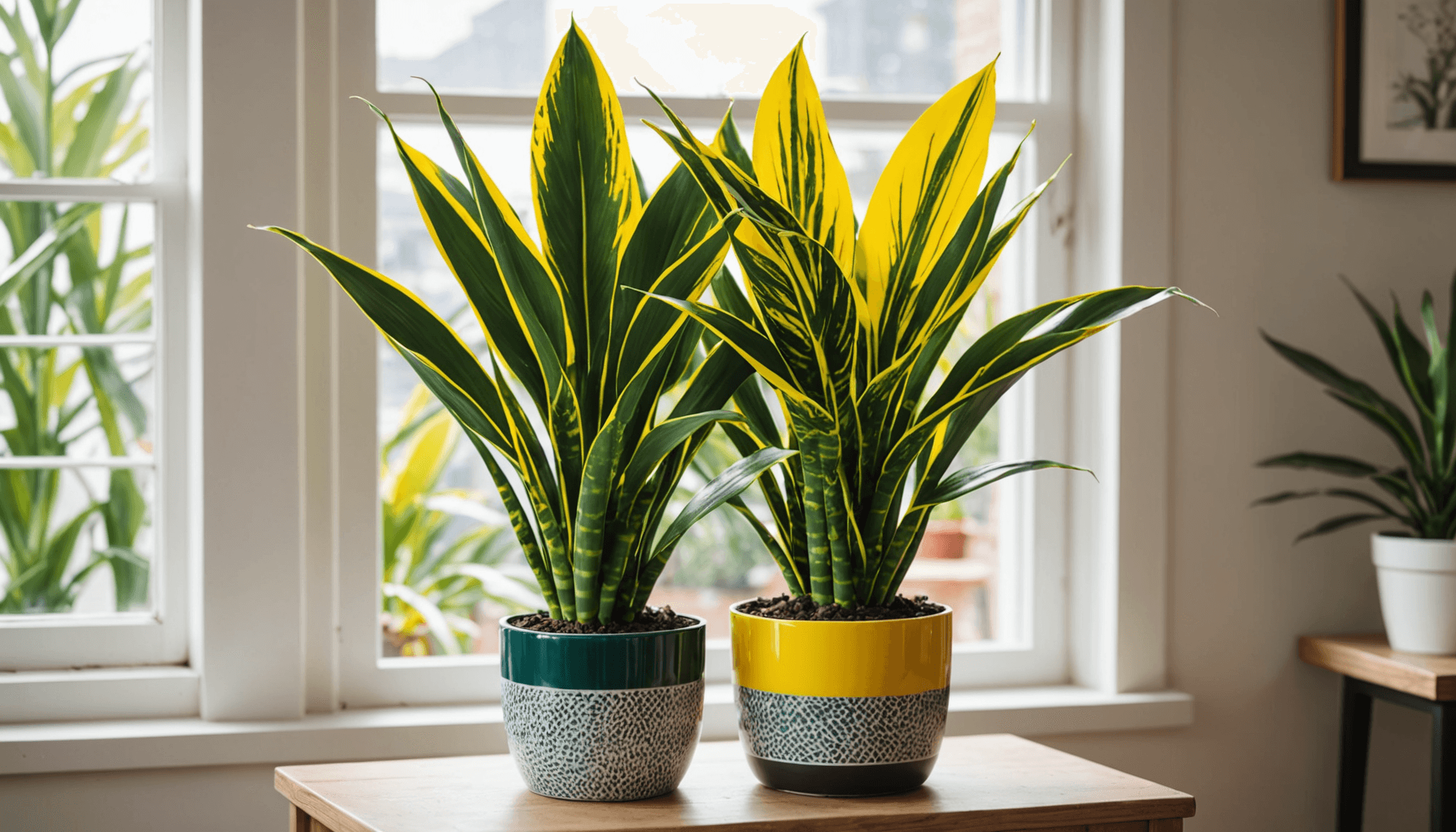 Understanding customer preferences in plant nurseries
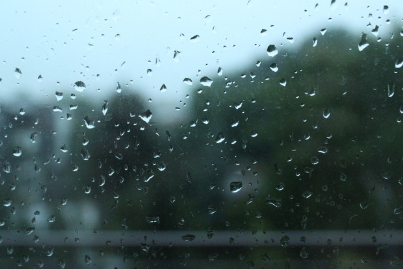 🌧️습도 높은 날씨는 관절 통증을 유발한다?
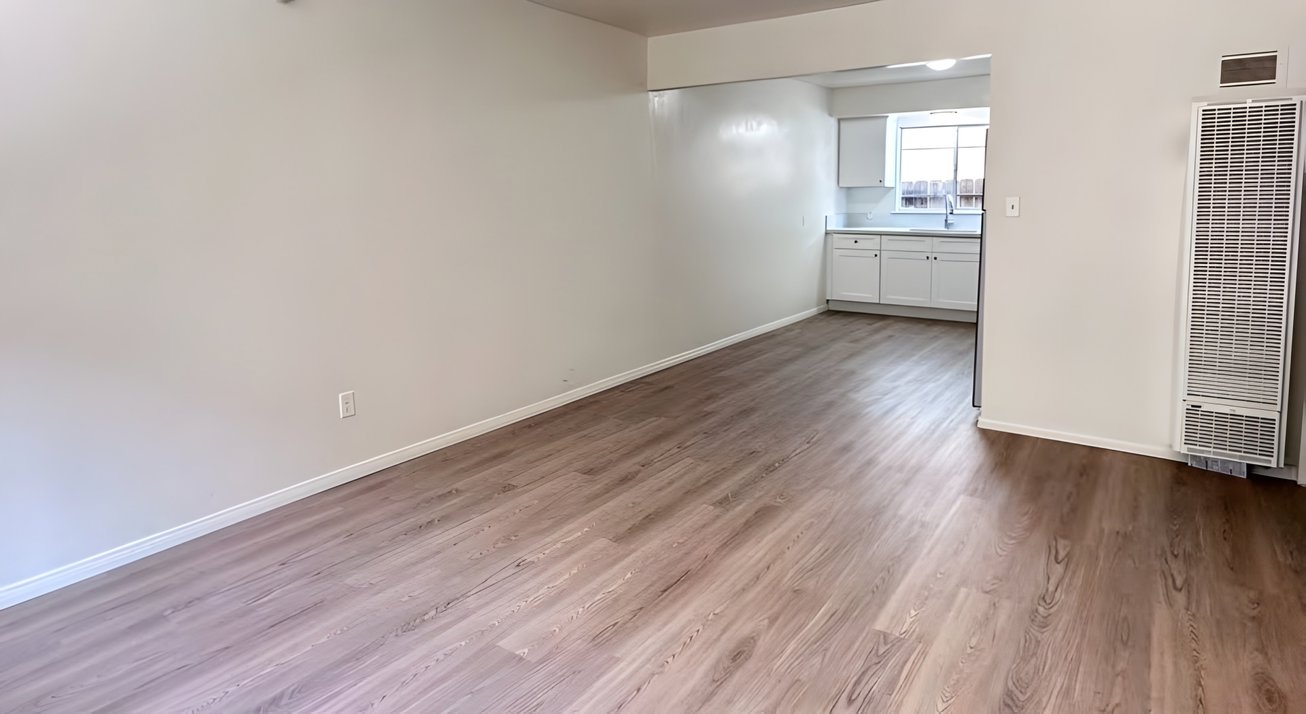 4826-32 Santa Cruz Ave, San Diego, CA, For Sale, Image-2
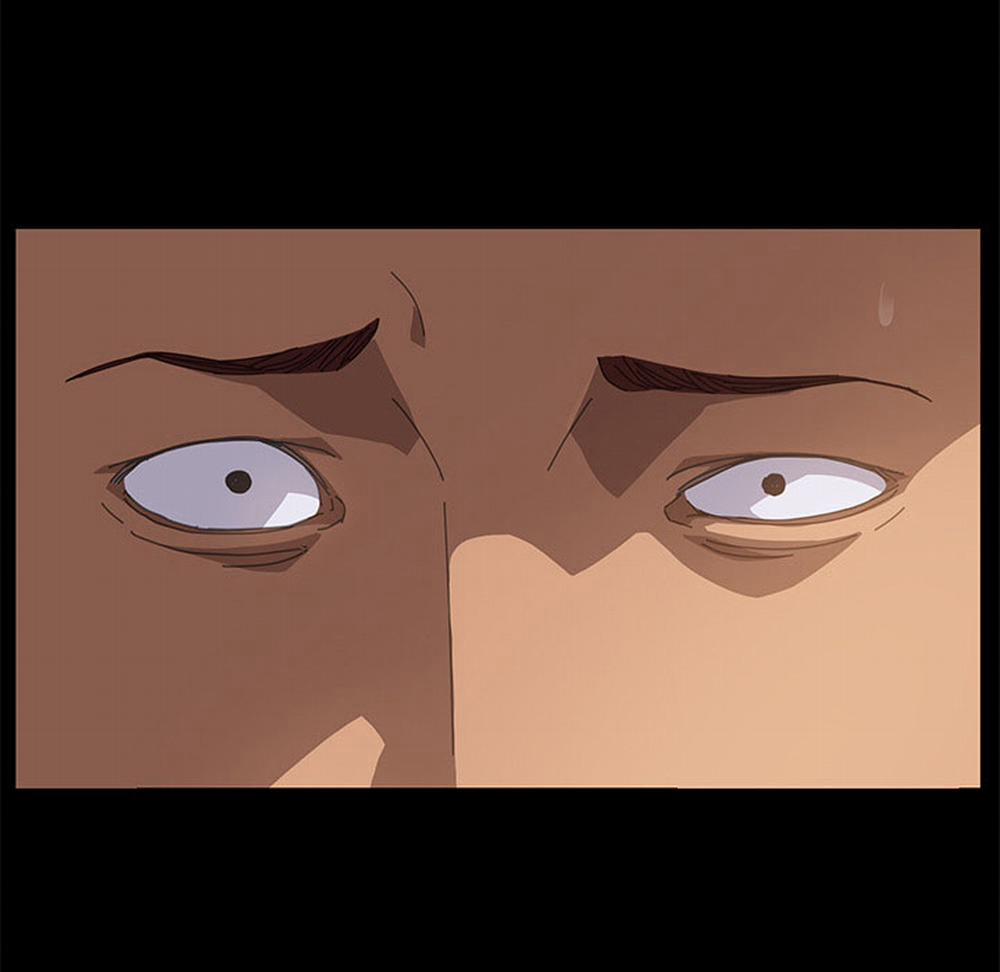 TÔI ĐƯỢC CHỊCH 15 PHÚT 16 trang 107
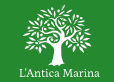 L'ANTICA MARINA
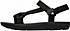 Camper Riemchensandalen Match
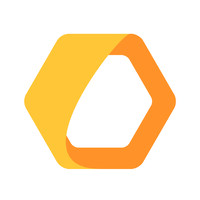 PA Media logo - Similar company to Triplesdata Pty Ltd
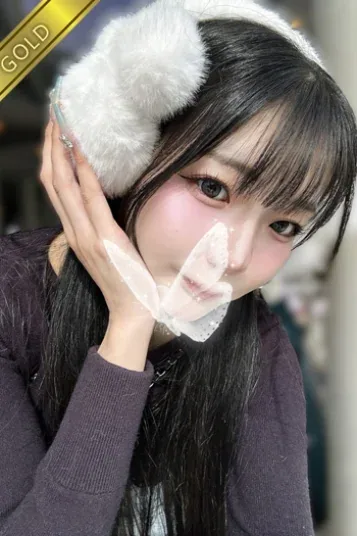 なみ(GOLD)さんのプロフィール写真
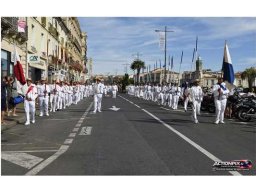 2022 08 défilé juniors moyens Saint-Louis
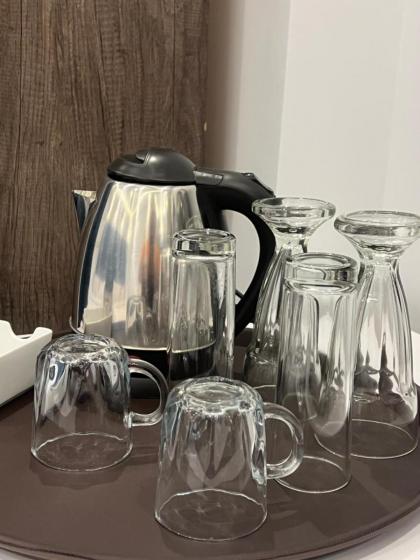 Premier Pyramids inn - image 23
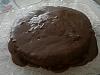 Eu Fiz Bolo de Chocolate Delicioso-19102012151-1-.jpg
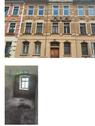 Foto - Einfamilienhaus in Freiberg zum Kaufen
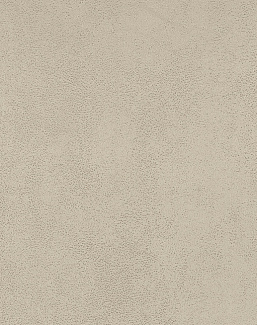 Обои Texdecor Acoustic Textile Wallcoverings 2 EOSN92620255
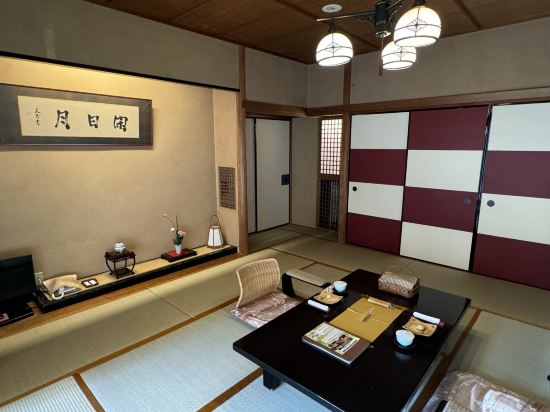 四季の湯座敷 武蔵野別館 クーポン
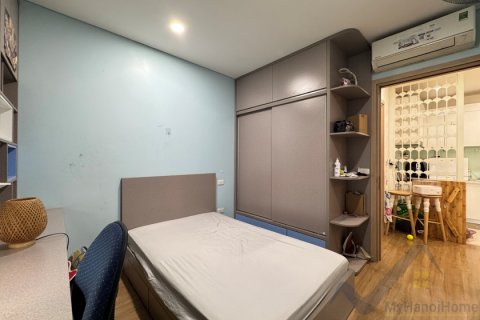 2 bedrooms Apartment in Ha Noi,  No. 26863 10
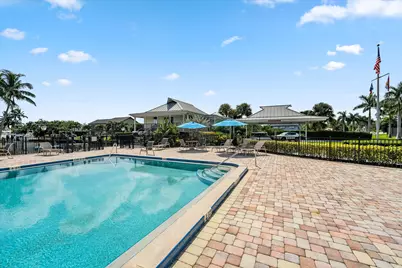 8884 SE Pelican Island Way, Hobe Sound, FL 33455 - Photo 120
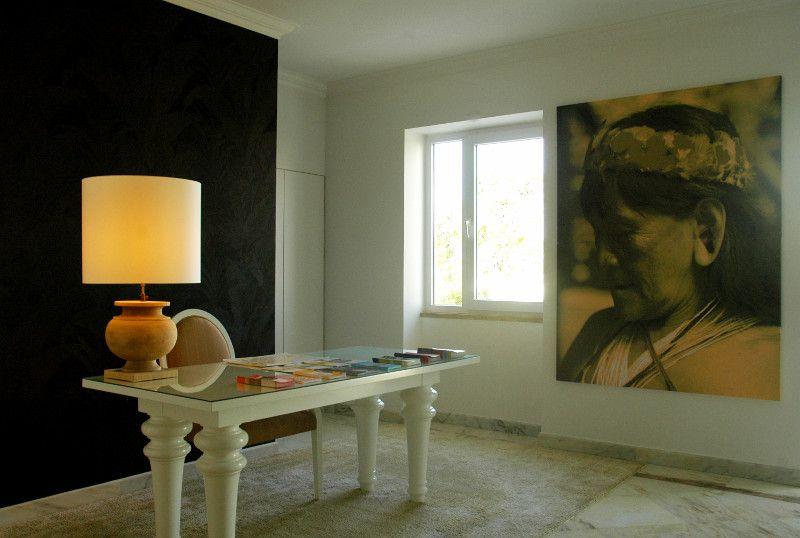 Amazonia Estoril Hotel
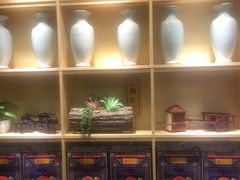 -酥礼记糕点(万新村店)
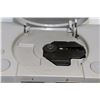 Image 2 : SONY PLAYSTATION 1 GAMING CONSOLE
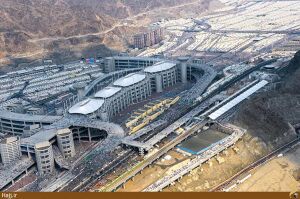 بنای فعلی جمرات.jpeg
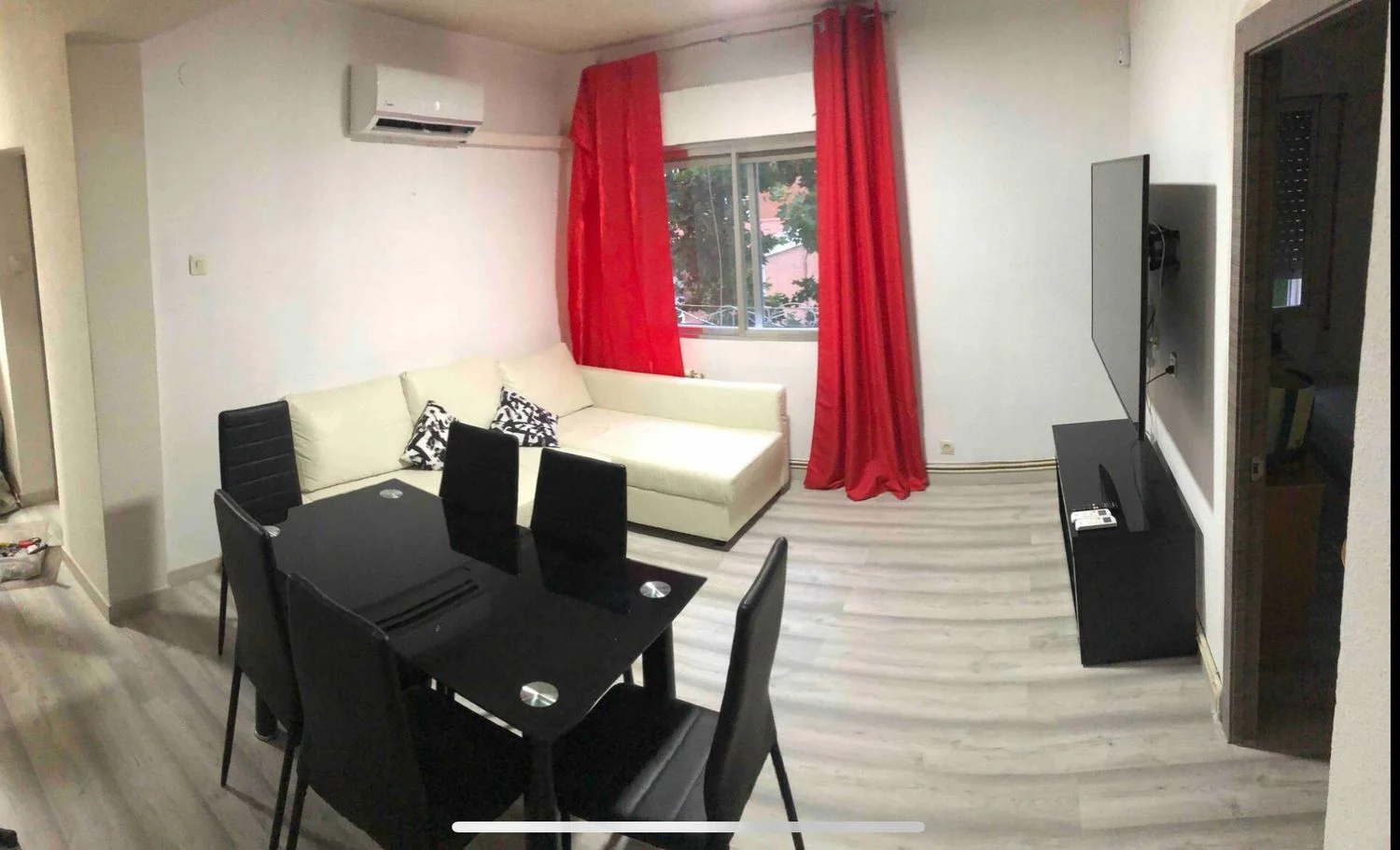 Piso en calle de Godella, 251 - Foto 13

▶ What the task requires: Give the data again exactly, image-free.

▶ Reply to the exercise:
 Understanding customer preferences in plant nurseries
 🌧️습도 높은 날씨는 관절 통증을 유발한다?
 4826-32 Santa Cruz Ave, San Diego, CA, For Sale, Image-2
 TÔI ĐƯỢC CHỊCH 15 PHÚT 16 trang 107
 L'ANTICA MARINA
 Camper Riemchensandalen Match
 PA Media logo - Similar company to Triplesdata Pty Ltd
 なみ(GOLD)さんのプロフィール写真
 2022 08 défilé juniors moyens Saint-Louis
 Premier Pyramids inn - image 23
 Eu Fiz Bolo de Chocolate Delicioso-19102012151-1-.jpg
 Foto - Einfamilienhaus in Freiberg zum Kaufen
 Обои Texdecor Acoustic Textile Wallcoverings 2 EOSN92620255
 四季の湯座敷 武蔵野別館 クーポン
 2 bedrooms Apartment in Ha Noi,  No. 26863 10
 8884 SE Pelican Island Way, Hobe Sound, FL 33455 - Photo 120
 Amazonia Estoril Hotel
 -酥礼记糕点(万新村店)
 Image 2 : SONY PLAYSTATION 1 GAMING CONSOLE
 بنای فعلی جمرات.jpeg
 Piso en calle de Godella, 251 - Foto 13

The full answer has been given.